Instructions to follow:
Your answer must be the records below, reproduced exactly.

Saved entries
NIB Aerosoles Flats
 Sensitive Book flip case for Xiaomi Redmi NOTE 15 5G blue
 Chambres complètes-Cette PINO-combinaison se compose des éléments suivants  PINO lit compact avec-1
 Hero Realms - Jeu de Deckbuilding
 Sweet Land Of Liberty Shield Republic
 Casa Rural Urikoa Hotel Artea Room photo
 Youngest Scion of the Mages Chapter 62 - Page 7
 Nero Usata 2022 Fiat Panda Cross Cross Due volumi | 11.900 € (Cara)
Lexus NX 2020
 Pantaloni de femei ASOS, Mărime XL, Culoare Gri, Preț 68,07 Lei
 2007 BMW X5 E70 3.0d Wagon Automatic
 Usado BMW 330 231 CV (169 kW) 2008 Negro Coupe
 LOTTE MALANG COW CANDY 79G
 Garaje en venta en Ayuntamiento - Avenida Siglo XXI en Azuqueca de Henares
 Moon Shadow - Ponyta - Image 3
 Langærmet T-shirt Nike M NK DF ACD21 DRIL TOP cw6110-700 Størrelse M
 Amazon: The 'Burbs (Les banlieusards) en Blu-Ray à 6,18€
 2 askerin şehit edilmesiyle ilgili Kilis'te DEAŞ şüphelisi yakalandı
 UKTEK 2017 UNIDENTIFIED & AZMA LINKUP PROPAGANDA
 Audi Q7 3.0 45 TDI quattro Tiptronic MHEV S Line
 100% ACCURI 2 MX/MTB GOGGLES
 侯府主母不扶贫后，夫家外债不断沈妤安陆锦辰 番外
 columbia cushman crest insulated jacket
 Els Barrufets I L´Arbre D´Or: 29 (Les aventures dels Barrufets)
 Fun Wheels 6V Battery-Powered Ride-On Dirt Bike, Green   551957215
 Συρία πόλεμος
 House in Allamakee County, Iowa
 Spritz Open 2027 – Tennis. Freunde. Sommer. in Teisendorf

Solution to the problem:
NIB Aerosoles Flats
 Sensitive Book flip case for Xiaomi Redmi NOTE 15 5G blue
 Chambres complètes-Cette PINO-combinaison se compose des éléments suivants  PINO lit compact avec-1
 Hero Realms - Jeu de Deckbuilding
 Sweet Land Of Liberty Shield Republic
 Casa Rural Urikoa Hotel Artea Room photo
 Youngest Scion of the Mages Chapter 62 - Page 7
 Nero Usata 2022 Fiat Panda Cross Cross Due volumi | 11.900 € (Cara)
Lexus NX 2020
 Pantaloni de femei ASOS, Mărime XL, Culoare Gri, Preț 68,07 Lei
 2007 BMW X5 E70 3.0d Wagon Automatic
 Usado BMW 330 231 CV (169 kW) 2008 Negro Coupe
 LOTTE MALANG COW CANDY 79G
 Garaje en venta en Ayuntamiento - Avenida Siglo XXI en Azuqueca de Henares
 Moon Shadow - Ponyta - Image 3
 Langærmet T-shirt Nike M NK DF ACD21 DRIL TOP cw6110-700 Størrelse M
 Amazon: The 'Burbs (Les banlieusards) en Blu-Ray à 6,18€
 2 askerin şehit edilmesiyle ilgili Kilis'te DEAŞ şüphelisi yakalandı
 UKTEK 2017 UNIDENTIFIED & AZMA LINKUP PROPAGANDA
 Audi Q7 3.0 45 TDI quattro Tiptronic MHEV S Line
 100% ACCURI 2 MX/MTB GOGGLES
 侯府主母不扶贫后，夫家外债不断沈妤安陆锦辰 番外
 columbia cushman crest insulated jacket
 Els Barrufets I L´Arbre D´Or: 29 (Les aventures dels Barrufets)
 Fun Wheels 6V Battery-Powered Ride-On Dirt Bike, Green   551957215
 Συρία πόλεμος
 House in Allamakee County, Iowa
 Spritz Open 2027 – Tennis. Freunde. Sommer. in Teisendorf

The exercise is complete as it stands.